Fyzikální ústav Akademie věd ČR

Seminář Pátek, 24. září 2010 - 14:00 - 15:00

Přednášející: Taneli Laamanen (University of Turku, Department of Chemistry, Turku, Finland)
Místo: Knihovna FZU AV ČR, Cukrovarnická 10, Praha 6
Pořadatelé: Oddělení magnetik a supravodičů
Jazyk přednášky: angličtina

Laamanen, Taneli^1,2; Hölsä, Jorma^1,3; Lastusaari, Mika^1,3; Novák, Pavel⁴

¹ University of Turku, Department of Chemistry, FI-20014 Turku, Finland, E-mail: taanlautu [dot] fi
² Graduate School of Materials Research (GSMR), Turku, Finland
³ Turku University Centre for Materials and Surfaces (MatSurf), Turku, Finland
⁴ Academy of Sciences of the Czech Republic, Institute of Physics, Prague

The alkaline earth magnesium disilicates (M₂MgSi₂O₇, M: Ca, Sr and Ba; e.g. [1]) doped with Eu²⁺ and co-doped with rare earth (R) ions as Dy³⁺ and Nd³⁺ are the most efficient persistent luminescence materials presently existing. They emit for up to 24 h at room temperature after ceasing the irradiation. The role of the R²⁺/R³⁺ ions acting as traps for the charge carriers in the persistent luminescence materials has been suggested but is lacking the definite proof. As a first step to ascertain this hypothesis, one needs to know the exact position of their energy levels in the host’s band structure. These positions are not known since they are notoriously difficult to determine experimentally though this information would be very important because the thermally controlled persistent luminescence mechanism of Sr₂MgSi₂O₇:Eu²⁺,R³⁺ is sensitive even to slight changes in the trap level structure.

In this work, the electronic structure of the Sr₂MgSi₂O₇:R materials was studied with density functional theory (DFT) calculations using the WIEN2k package [2]. The GGA and GGA+U methods were used to describe the strongly correlated R 4f electrons in the best manner available.

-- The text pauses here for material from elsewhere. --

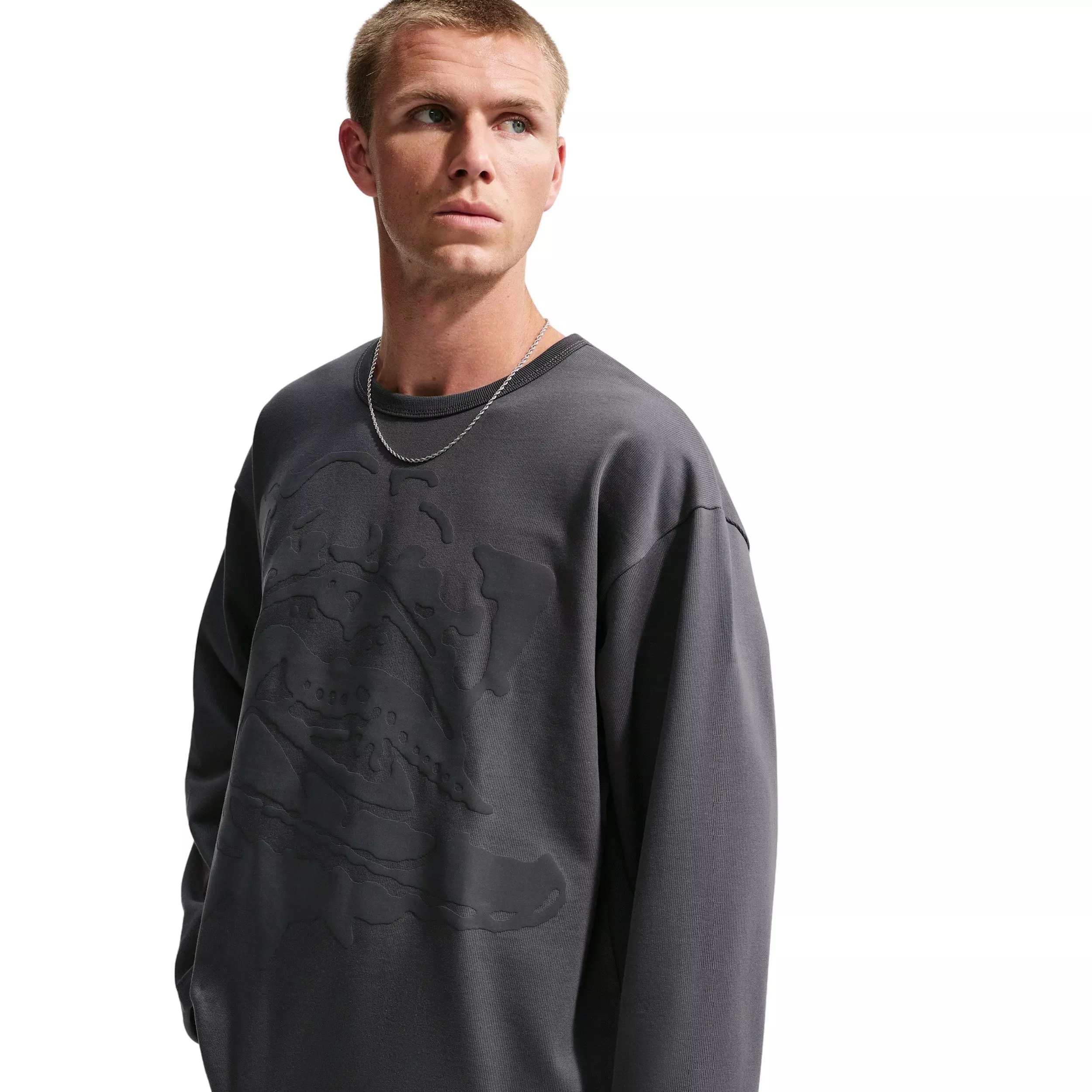 Nike Men's Life Midweight Crew - GREY
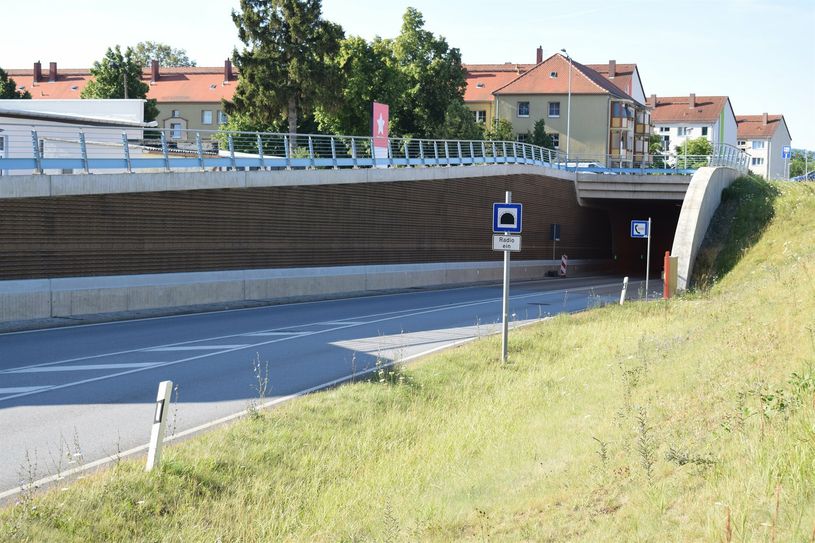 Das Geländer an der Westtangente muss instandgesetzt werden.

A good agreement was found between the experimental and calculated band gap energies in Sr₂MgSi₂O₇. The energy positions of both the 4fⁿ ground state and the lowest 4f^n-15d¹ excited state of all R²⁺ and R³⁺ ions in the band structure of the host were calculated for the first time using DFT. The 4fⁿ ground state positions of R³⁺ are either close to or within the valence band (VB). The 4fⁿ ground state positions of R²⁺ are reproduced well, though they are systematically at lower energy relative to the conduction band (CB) than suggested by the empirical model [3]. The lowest excited 4f^n-15d¹ states of R³⁺ are systematically (ca. 0.5 eV) lower in energy than those of the corresponding R²⁺ states. The present DFT results provide an important step towards the independent verification of the empirical model [3] predicting the energy level locations of all the R²⁺/R³⁺ ions. Eventually, the introduction of the R³⁺ ions created density of states close to CB possibly due to significant interaction between the R³⁺ ion and the CB states of the host. These states can act as shallow electron traps and may partly help to explain the drastic enhancement of persistent luminescence with the R³⁺ co-doping.

[1] T. Aitasalo, J. Hölsä, M. Kirm, T. Laamanen, M. Lastusaari, J. Niittykoski, J. Raud, R. Valtonen, Radiat. Meas. 42 (2007) 644-647.
[2] P. Blaha, K. Schwarz, G. K. H. Madsen, D. Kvasnicka, J. Luitz, In: K. Schwarz (Ed.), WIEN2k, An Augmented Plane Wave + Local Orbitals Program for Calculating Crystal Properties, Vienna University of Technology, Austria, 2001.
[3] P. Dorenbos, J. Phys.: Condens. Matter 15 (2003) 8417-8434.